Description of the task: Every line of the data must appear again in the answer, exactly as written.

Information supplied:
════════════════

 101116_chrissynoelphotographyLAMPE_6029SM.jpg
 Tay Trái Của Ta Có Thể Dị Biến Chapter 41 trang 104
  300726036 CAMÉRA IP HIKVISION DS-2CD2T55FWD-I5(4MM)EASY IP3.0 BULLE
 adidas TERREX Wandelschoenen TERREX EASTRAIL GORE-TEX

════════════════

Completed exercise:
 101116_chrissynoelphotographyLAMPE_6029SM.jpg
 Tay Trái Của Ta Có Thể Dị Biến Chapter 41 trang 104
  300726036 CAMÉRA IP HIKVISION DS-2CD2T55FWD-I5(4MM)EASY IP3.0 BULLE
 adidas TERREX Wandelschoenen TERREX EASTRAIL GORE-TEX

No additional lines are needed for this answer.